The conventional method is to perform a Strategic Planning Process that should answers questions such as, where do you see your business 5 years from now? But in today’s world, this approach does not deliver what it’s expected! How could it be possible to answer such question in a world of constant changes where we keep wondering how to catch-up the technological progresses pace that keeps increasing.
Changes become a way of life instead of punctual events that occurs from time to time!
How could we really think projecting ourselves 5 years from now could be realistic if we even don’t know what the next 18 months will be?
We need to change our perspective, instead of looking from outside toward inside our business, we have to change the direction of our analysis and start, from the inside, to understand what made us successful over the years. In other words, how could we be really profitable if we do not understand our Profit Drivers! Those, at the origin, that made us what we are!
Once we understand deeply the reasons of our profitability, we can, then, “extrapolate” toward what we should aim for.
Understanding the Profit Drivers that made us what we are is pre-requisite to define what we should aim for!
Your business contains a treasury that you do not suspect it existence! It is the BIG DATA, the one that belongs to your organization. These DATA are related to your primary activity that consists to manufacture and deliver products to your clients. In fact, with the proper perspective, you can extract from it a lot’s of information that will guide your growth plan.
Information, such as, how the market react to your product offers, or what is the best mix-product or mix-market to pursue can be identified. The unsuspected wealth of your corporate data can even identify what should be the short term strategy that will boost your EBITDA.
With the analysis capability that comes with software such as Excel, our ability to extract strong strategic information has expanded beyond expectations. However, don’t get me wrong, despite the wealth of your corporate data, those has to be organized/characterized in order to deliver the real information.
Let me explain what it means to organized the DATA:
From your database, it is possible to cross sales data with operational data to aggregate each sales transaction with the real efforts that has generated the sales $ and the contributions $. However, each aggregated transaction comes raw without information about the MARKETS, the MARKET SEGMENTS, ETC. Most of the time this information related to clients is not properly organized into the company’s database to allow good conclusions about trends.
Nevertheless, it does not prevent adding the proper characterization to each sale transaction that will allow conclude about where the profit is coming from and what are the trends to expect for each market we are involved in. Here is a very simple example that shows how we can extract the trends from the corporate data, but the most important, how we can identify a sales strategy:
The first chart shows how,
for the CONVENIENCE MARKET of products distributed through WHOLESALES DISTRIBUTORS,
the yearly contributions $ and the % of contribution over the sales that have been generated over the last 4 years.
The second chart shows the sales volume in units that evolves in relation with the applied pricing strategy.
The sold volume goes in the opposite direction of the % of contributions/Sales!
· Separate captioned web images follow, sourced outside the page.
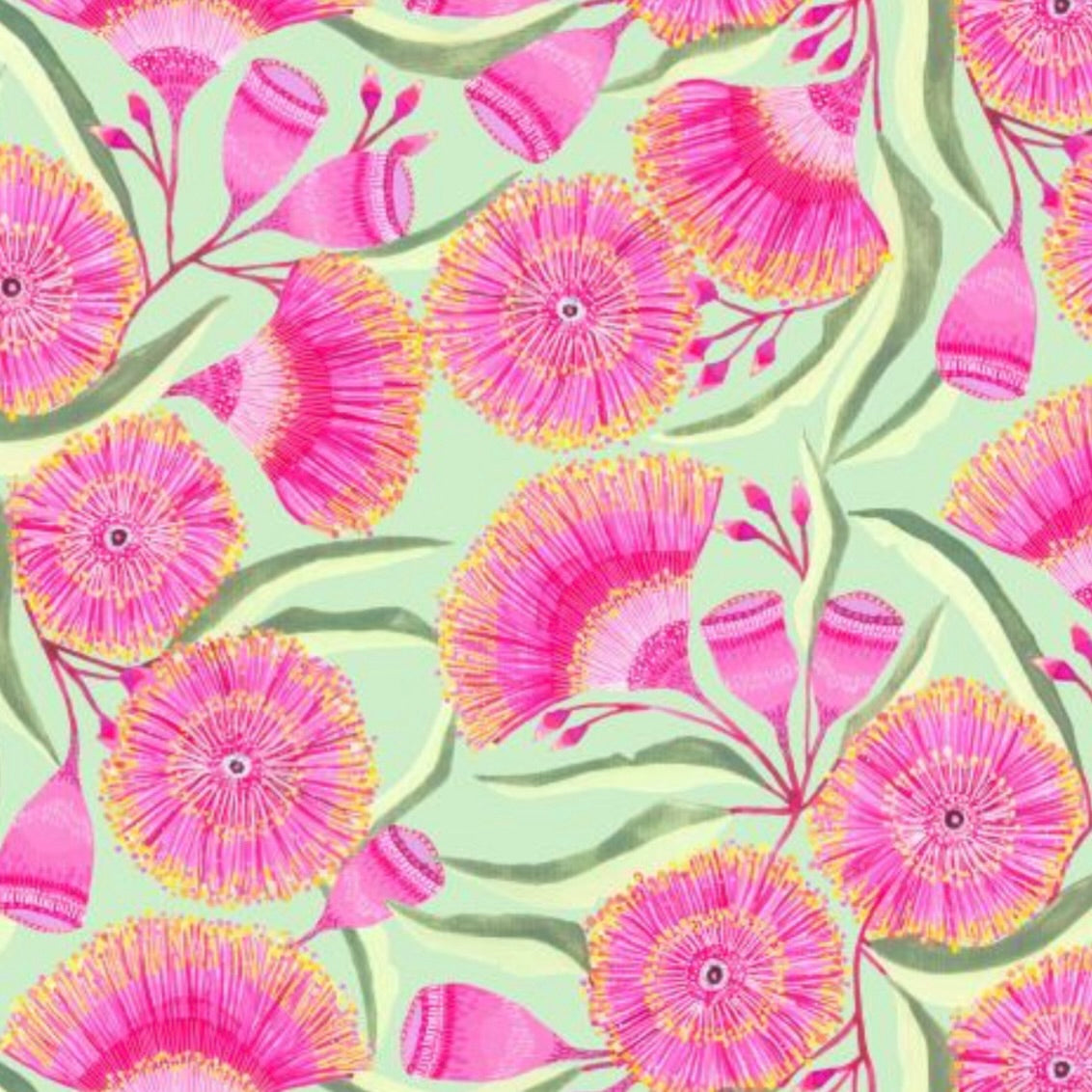 ijustlovethatfabricstore Australian Pink Gum Blossom Flower Fabric mint green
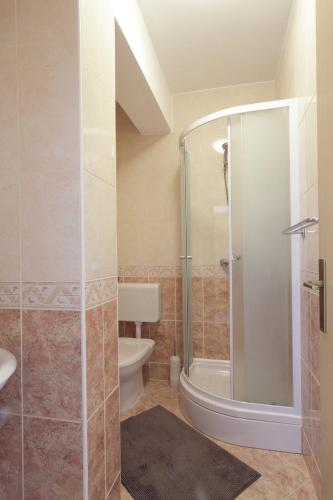 a bathroom with a shower and a toilet and a sink at Apartments Nine Slano in Slano
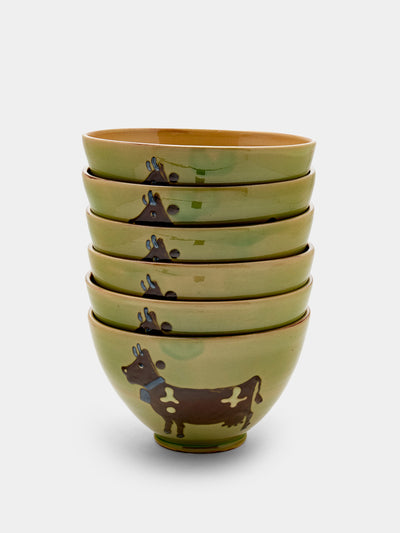 Poterie d’Évires Cows hand-painted ceramic bowls (set of 6) at Collagerie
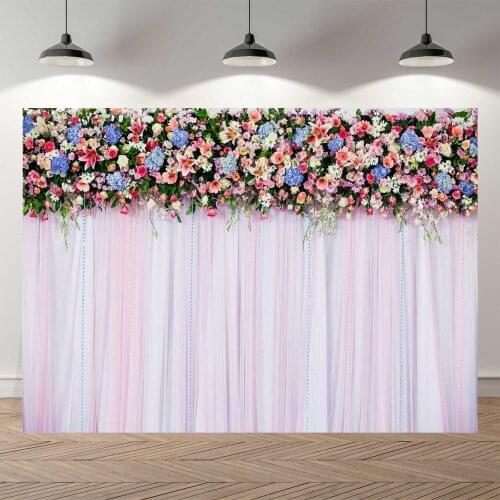 NeoBack Photography backdrops wedding party Violet Pink Floral Flower wall curtains love Bridal shower banner photo studio P4332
As you can see, this market segment is highly sensible to the pricing strategy. Over the last 4 years, the % of contributions that is related to prices has been reduced by 5% while we observed an increase in the sold volume. However, we can also see an increase in the yearly generated contribution $ that proves the positive pricing strategy impact.
Now, just imagine if you tag all your sales transactions according to the involved MARKETS and INTERMEDIARIES your business in involved. You would be in the position to identify the markets and intermediary to target by measuring the real monetary impacts on your profitability.
From there, you can build a stronger sales strategy that will lead you toward higher profitability level and an EBITDA increases. It is then a matter of building a short term sales strategy that maximises the sales contributions by identifying with what market and intermediary you want to generate your profit.
With the unsuspected richness of your corporate data, you can identify the winning Strategies that have a significant impact on your profitability
Every year, change pace increases and it is becoming very difficult to accurately project ourselves 5 years from now. Predicting the next 18 month is a challenge. How to build a succession plan that will increase the EBITDA in these conditions?
Corporate data contains unsuspected wealth with which you can build a winning strategy that will increase the profitability of your business. By appropriately characterizing your sales data of the last 5 years, you can monetarily quantify the impact of market trends and intermediaries in order to choose the ones that will enable you to quickly increase your EBITDA.
Thereafter, it is possible to extrapolate those trends and proceed with a market watch process that will allow building a scalable sale strategy (market/intermediary) that will be revised on a yearly basis.